In lieu of an abstract, here is a brief excerpt of the content:

  • Notes on Contributors

American Studies thanks the Spencer Museum of Art for originating the traveling exhibition, "Aaron Douglas: African American Modernist" and hosting the symposium at which these papers were first presented. We also thank the museum for assisting us in publishing the images in this volume. Special thanks to Saralyn Reece Hardy, museum director and Susan Earle, curator of the exhibition, and Stephanie Knappe, coordinator of the exhibition and the symposium.

Terry Adkins is an installation artist, musician, activist, and cultural practitioner who for 20 years has pursued an ongoing quest to reinsert historically transformative figures to their rightful place in the landscape of regional and world history. Although his "recitals" combine sculpturally based installations with music, video, literature, and ritual actions that intend to uphold and preserve the legacies of his chosen subjects, Adkins' work is always abstract and lyrical.
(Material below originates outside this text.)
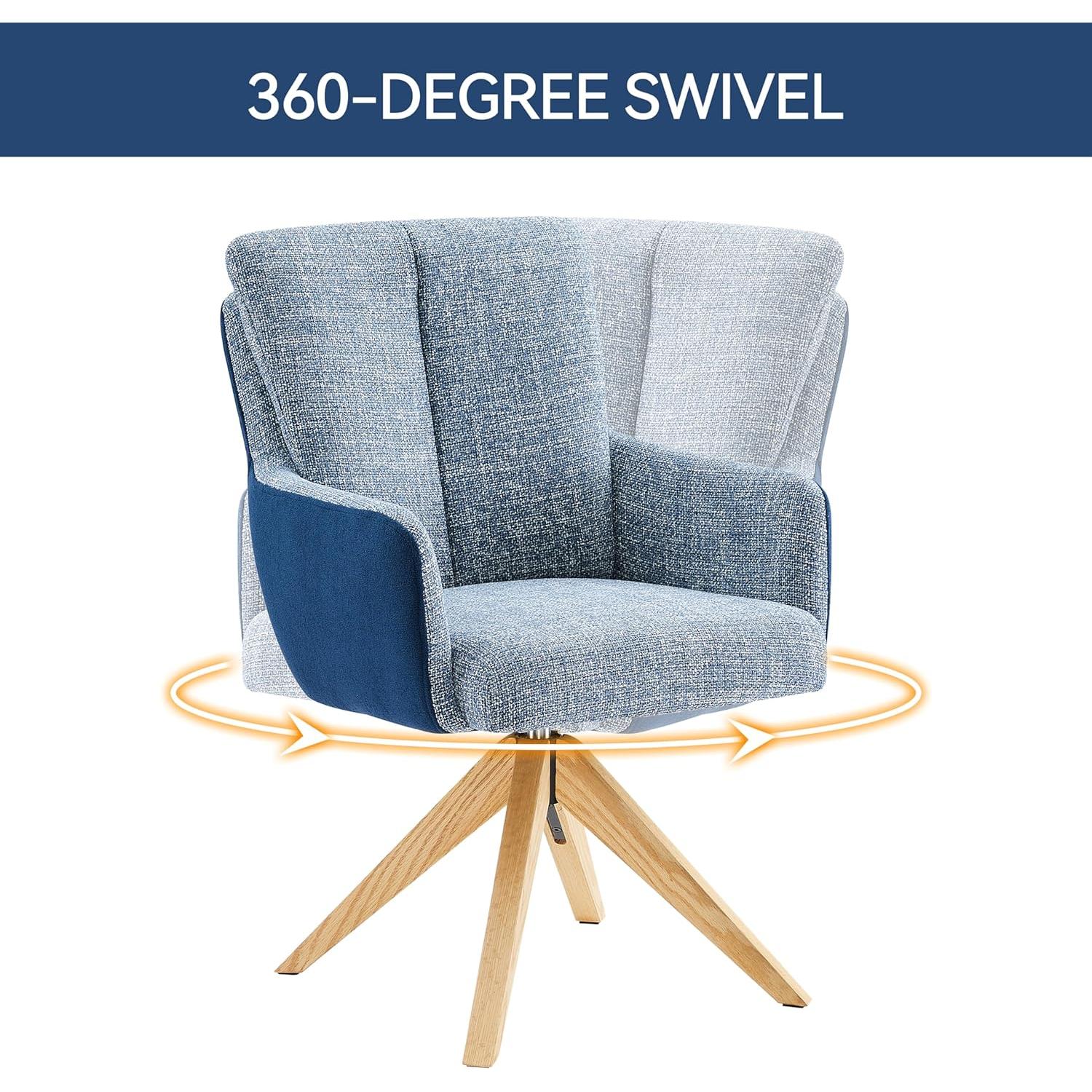 Silla Giratoria Moderna Art Leon Tapizada en Tela Azul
An inspiration to younger artists for his uncompromising stance, he is also a dedicated teacher as professor of fine arts at the University of Pennsylvania. His work is in the collections of The Museum of Modern Art, The Spencer Museum of Art, The Hirshhorn Museum and Sculpture Garden, The Metropolitan Museum of Art, and the High Museum of Art among others. He has recently been honored as a United States Artists James Baldwin Fellow for 2008 and a Rome Prize Fellow for 2009.

Gerald Early is the Merle Kling Professor of Modern Letters in the Department of English at Washington University in St. Louis, where he also directs the Center for the Humanities. He is currently series editor of Best African American Essays and Best African American Fiction, both annual anthologies published by Bantam Books.
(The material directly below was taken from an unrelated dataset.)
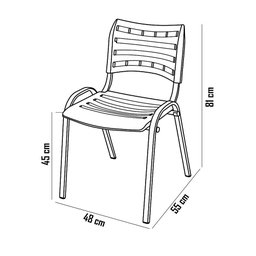 Cadeira Iso Base Cinza Escola, Escritório - Azul Kit 3 Un - 3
Farah Jasmine Griffin is the William B. Ransford Professor of English and Comparative Literature and African-American Studies at Columbia University in the City of New York. She is the author of Who Set You Flowin?: The African American Migration Narrative (Oxford, 1995), If You Can't Be Free, Be a Mystery: In Search of Billie Holiday (Free Press, 2001) and Clawing at the Limits of Cool: Miles Davis, John Coltrane and The Greatest Jazz Collaboration Ever, written with Salim Washington (Thomas Dunne, 2008). She is also the editor of Beloved Sisters and Loving Friends: Letters from Addie Brown and Rebecca Primus (Knopf,1999) co-editor, with Cheryl Fish, of Stranger in the Village: Two Centuries of African American Travel Writing (Beacon, 1998) and co-editor with Brent Edwards and Robert O'Meally of Uptown Conversations: The New Jazz Studies (Columbia University Press, 2004). She is currently Director of the Institute for Research in African American Studies. [End Page 4]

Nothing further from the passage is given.